7. The task execution method based on API calls according to claim 1, characterized in that, After the step-by-step invocation of the candidate application programming interfaces according to the task execution plan, and the dynamic adjustment of the subsequent task execution plan based on the return information returned by each invocation of the candidate application programming interface, the method further includes: Integrate the return information from each call to the candidate application programming interface; Based on the returned information, an auditable execution path record is constructed.
8. A task execution device based on API calls, characterized in that, The device includes: A receiving module is used to receive target natural language instructions, wherein the target natural language instructions are used to represent instructions for completing the target task; The parsing module is used to perform semantic parsing on the target natural language instruction to obtain the task intent that matches the target task; The retrieval module is used to retrieve multiple candidate application programming interfaces corresponding to the task intent from a pre-built tool library based on the task intent. A generation module is used to perform task planning on the target task based on the task intent and multiple candidate application programming interfaces (APIs) and generate a task execution plan, wherein the task execution plan includes at least a call sequence of the candidate APIs; The execution module is used to progressively call the candidate application programming interfaces according to the task execution plan, and dynamically adjust the subsequent task execution plan based on the return information returned by each call to the candidate application programming interface, until the target task is completed.

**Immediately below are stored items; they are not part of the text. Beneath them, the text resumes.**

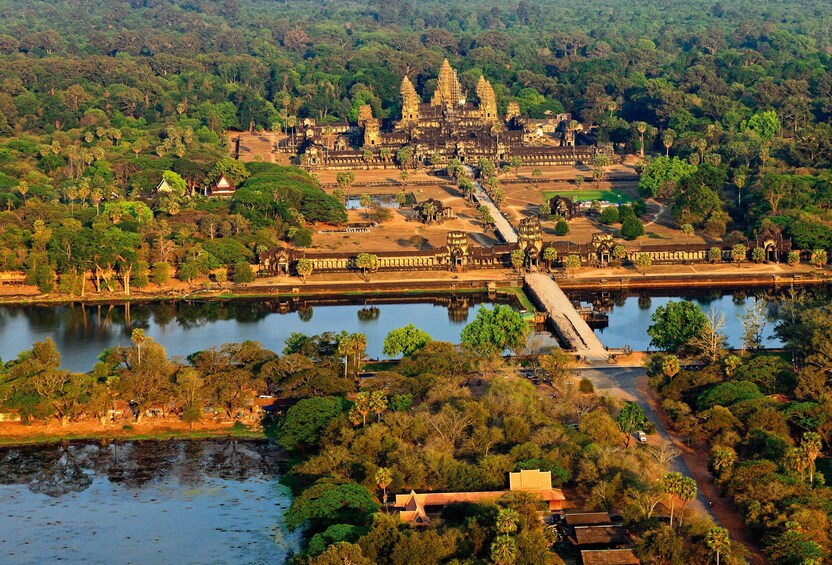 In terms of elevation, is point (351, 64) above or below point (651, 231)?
above

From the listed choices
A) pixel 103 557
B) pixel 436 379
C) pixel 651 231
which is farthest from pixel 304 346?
pixel 651 231

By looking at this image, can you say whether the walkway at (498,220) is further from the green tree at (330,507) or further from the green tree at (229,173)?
the green tree at (330,507)

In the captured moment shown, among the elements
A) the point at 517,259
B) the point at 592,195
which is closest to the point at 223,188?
the point at 592,195

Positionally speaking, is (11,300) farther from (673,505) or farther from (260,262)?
(673,505)

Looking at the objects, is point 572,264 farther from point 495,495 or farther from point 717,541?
point 717,541

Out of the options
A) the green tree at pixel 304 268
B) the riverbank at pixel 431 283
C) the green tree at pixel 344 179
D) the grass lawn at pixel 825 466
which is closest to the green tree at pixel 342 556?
the grass lawn at pixel 825 466

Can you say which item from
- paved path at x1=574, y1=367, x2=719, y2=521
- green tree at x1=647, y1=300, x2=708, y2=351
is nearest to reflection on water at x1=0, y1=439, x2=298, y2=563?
paved path at x1=574, y1=367, x2=719, y2=521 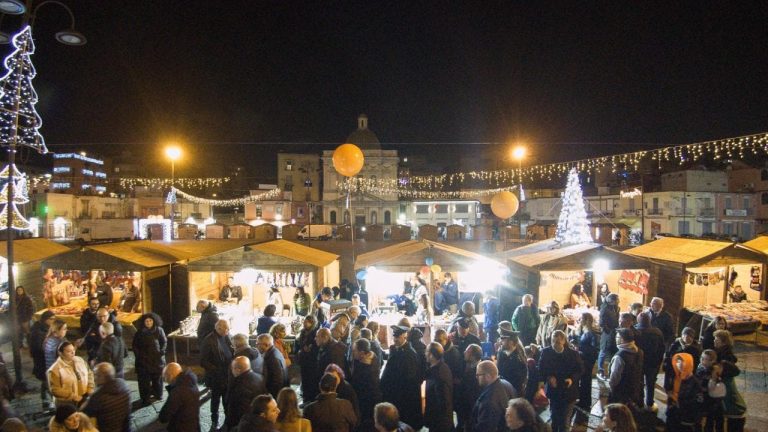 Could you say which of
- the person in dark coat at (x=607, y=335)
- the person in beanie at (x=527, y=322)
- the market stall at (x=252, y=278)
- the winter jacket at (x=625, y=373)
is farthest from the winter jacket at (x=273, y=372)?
the person in dark coat at (x=607, y=335)

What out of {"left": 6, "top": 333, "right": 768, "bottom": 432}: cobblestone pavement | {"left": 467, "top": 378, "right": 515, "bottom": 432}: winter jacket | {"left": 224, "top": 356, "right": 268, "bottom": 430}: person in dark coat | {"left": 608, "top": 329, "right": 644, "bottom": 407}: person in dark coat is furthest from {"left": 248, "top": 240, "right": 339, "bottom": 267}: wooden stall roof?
{"left": 608, "top": 329, "right": 644, "bottom": 407}: person in dark coat

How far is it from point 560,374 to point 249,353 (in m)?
3.96

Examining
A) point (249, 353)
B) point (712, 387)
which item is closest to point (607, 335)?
point (712, 387)

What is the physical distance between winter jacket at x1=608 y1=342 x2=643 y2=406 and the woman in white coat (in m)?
6.86

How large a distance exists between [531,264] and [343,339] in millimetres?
5552

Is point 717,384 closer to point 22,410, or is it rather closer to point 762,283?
point 762,283

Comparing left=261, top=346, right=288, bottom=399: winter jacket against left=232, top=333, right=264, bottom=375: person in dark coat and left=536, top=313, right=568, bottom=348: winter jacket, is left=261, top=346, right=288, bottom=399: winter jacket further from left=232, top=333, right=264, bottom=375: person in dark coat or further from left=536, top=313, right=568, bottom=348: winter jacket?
left=536, top=313, right=568, bottom=348: winter jacket

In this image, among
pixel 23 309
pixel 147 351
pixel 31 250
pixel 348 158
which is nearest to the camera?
pixel 147 351

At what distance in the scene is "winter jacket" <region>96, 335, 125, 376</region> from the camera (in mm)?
6039

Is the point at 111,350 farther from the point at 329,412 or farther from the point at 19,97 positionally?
the point at 19,97

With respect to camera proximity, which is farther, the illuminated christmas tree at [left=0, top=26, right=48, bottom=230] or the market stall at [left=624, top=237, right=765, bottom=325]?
the market stall at [left=624, top=237, right=765, bottom=325]

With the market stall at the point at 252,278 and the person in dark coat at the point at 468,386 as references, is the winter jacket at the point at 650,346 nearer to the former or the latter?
the person in dark coat at the point at 468,386

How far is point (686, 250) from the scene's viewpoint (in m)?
10.6

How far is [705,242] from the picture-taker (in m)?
10.8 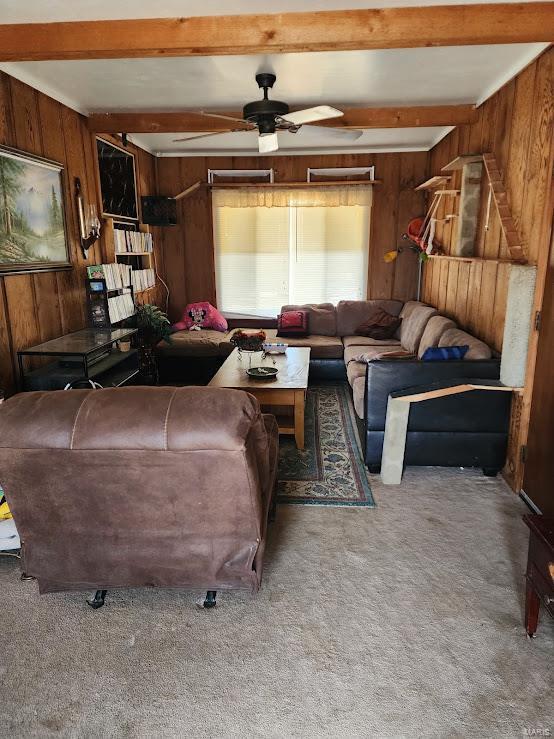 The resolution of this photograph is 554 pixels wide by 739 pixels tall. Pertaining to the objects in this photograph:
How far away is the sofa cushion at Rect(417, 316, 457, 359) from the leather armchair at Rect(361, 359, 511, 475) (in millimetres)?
842

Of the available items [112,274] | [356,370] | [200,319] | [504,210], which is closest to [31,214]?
[112,274]

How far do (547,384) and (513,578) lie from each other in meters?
1.05

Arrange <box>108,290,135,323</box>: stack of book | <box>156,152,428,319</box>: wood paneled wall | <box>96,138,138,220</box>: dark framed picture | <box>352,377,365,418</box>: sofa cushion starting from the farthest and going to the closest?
<box>156,152,428,319</box>: wood paneled wall, <box>96,138,138,220</box>: dark framed picture, <box>108,290,135,323</box>: stack of book, <box>352,377,365,418</box>: sofa cushion

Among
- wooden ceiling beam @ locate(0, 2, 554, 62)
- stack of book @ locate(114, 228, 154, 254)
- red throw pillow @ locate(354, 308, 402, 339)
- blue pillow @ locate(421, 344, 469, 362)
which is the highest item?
wooden ceiling beam @ locate(0, 2, 554, 62)

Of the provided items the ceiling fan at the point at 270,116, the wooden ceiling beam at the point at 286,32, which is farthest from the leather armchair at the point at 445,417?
the wooden ceiling beam at the point at 286,32

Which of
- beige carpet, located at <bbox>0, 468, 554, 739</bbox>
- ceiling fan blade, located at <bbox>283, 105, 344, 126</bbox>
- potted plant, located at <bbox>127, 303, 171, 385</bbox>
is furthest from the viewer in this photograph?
potted plant, located at <bbox>127, 303, 171, 385</bbox>

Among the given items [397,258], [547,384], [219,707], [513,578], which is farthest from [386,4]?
[397,258]

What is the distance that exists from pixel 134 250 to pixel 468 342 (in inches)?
139

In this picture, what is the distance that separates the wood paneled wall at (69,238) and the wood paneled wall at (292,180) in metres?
1.85

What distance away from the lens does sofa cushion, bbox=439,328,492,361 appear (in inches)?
122

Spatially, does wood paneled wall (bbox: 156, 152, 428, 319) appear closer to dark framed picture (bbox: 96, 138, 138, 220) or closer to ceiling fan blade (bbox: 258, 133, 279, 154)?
dark framed picture (bbox: 96, 138, 138, 220)

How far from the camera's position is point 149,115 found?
408 centimetres

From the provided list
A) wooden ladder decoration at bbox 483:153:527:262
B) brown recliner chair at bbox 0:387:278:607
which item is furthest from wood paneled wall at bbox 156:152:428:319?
brown recliner chair at bbox 0:387:278:607

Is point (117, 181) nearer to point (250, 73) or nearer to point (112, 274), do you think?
point (112, 274) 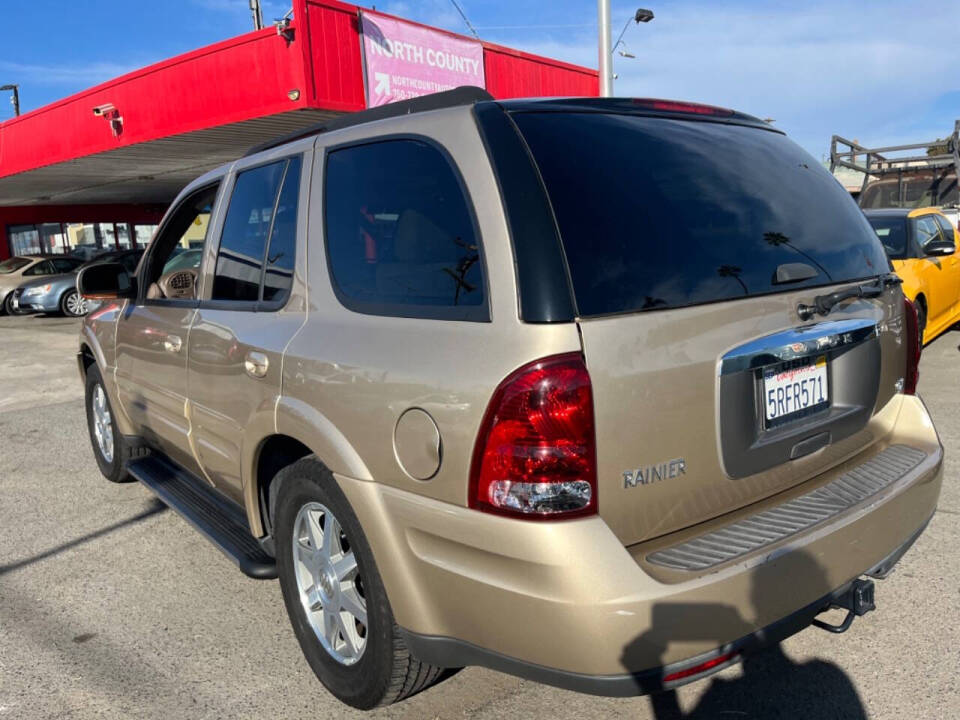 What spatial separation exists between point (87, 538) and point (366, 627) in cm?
263

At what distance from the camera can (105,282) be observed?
4.19m

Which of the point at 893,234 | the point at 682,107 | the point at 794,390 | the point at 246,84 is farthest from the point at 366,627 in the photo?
the point at 246,84

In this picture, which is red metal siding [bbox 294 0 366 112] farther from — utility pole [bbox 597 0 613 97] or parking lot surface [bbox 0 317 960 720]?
parking lot surface [bbox 0 317 960 720]

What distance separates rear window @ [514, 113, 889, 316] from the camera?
2027mm

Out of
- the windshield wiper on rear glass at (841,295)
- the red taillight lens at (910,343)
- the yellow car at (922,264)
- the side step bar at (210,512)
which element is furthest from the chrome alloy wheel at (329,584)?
the yellow car at (922,264)

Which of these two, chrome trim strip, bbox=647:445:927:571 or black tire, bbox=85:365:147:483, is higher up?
chrome trim strip, bbox=647:445:927:571

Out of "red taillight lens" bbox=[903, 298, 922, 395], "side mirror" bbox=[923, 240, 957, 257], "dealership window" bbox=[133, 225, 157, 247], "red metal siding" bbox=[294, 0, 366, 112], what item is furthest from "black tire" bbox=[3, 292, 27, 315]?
"red taillight lens" bbox=[903, 298, 922, 395]

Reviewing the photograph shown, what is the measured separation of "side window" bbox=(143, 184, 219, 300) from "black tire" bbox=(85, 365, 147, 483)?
95 cm

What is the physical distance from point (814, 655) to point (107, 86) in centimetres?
1706

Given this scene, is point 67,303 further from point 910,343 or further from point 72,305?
point 910,343

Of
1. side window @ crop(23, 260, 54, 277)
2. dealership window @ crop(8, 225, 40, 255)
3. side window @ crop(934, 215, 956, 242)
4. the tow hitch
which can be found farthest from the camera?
dealership window @ crop(8, 225, 40, 255)

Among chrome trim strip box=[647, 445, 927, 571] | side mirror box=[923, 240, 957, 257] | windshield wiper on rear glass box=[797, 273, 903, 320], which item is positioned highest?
windshield wiper on rear glass box=[797, 273, 903, 320]

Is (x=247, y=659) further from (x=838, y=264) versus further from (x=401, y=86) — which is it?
(x=401, y=86)

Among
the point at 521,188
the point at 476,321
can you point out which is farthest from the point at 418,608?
the point at 521,188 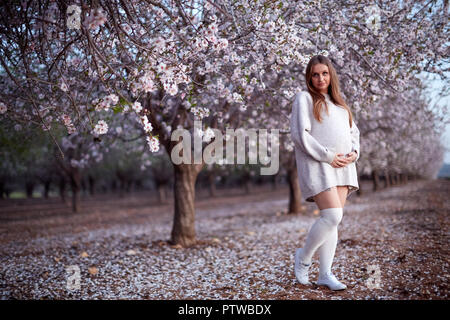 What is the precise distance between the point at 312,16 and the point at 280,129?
2.53 meters

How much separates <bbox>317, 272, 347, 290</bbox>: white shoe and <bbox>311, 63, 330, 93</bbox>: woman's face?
6.68 feet

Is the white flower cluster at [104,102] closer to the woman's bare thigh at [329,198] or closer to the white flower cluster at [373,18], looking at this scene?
the woman's bare thigh at [329,198]

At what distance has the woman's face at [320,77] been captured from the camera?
324 cm

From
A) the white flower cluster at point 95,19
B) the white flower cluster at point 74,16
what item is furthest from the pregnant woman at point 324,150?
the white flower cluster at point 74,16

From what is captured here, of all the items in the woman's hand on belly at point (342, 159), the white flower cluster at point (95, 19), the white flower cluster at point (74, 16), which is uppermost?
the white flower cluster at point (74, 16)

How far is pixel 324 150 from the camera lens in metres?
3.03

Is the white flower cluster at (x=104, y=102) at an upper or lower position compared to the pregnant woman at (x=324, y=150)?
upper

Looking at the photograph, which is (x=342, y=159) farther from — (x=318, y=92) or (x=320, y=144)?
(x=318, y=92)

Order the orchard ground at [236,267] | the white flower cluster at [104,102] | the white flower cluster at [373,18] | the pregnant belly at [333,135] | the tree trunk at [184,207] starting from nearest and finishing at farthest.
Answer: the pregnant belly at [333,135] → the white flower cluster at [104,102] → the orchard ground at [236,267] → the white flower cluster at [373,18] → the tree trunk at [184,207]

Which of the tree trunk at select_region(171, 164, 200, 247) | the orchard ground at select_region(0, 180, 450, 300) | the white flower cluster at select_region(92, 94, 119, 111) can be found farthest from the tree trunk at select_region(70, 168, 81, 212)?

9. An electronic device comprising a memory, a processor, and a computer program stored in the memory and running on the processor, characterized in that, When the processor executes the computer program, it implements the task execution method based on API calls as described in any one of claims 1 to 7.
10. A non-transitory computer-readable storage medium having a computer program stored thereon, characterized in that, When the computer program is executed by the processor, it implements the task execution method based on API calls as described in any one of claims 1 to 7.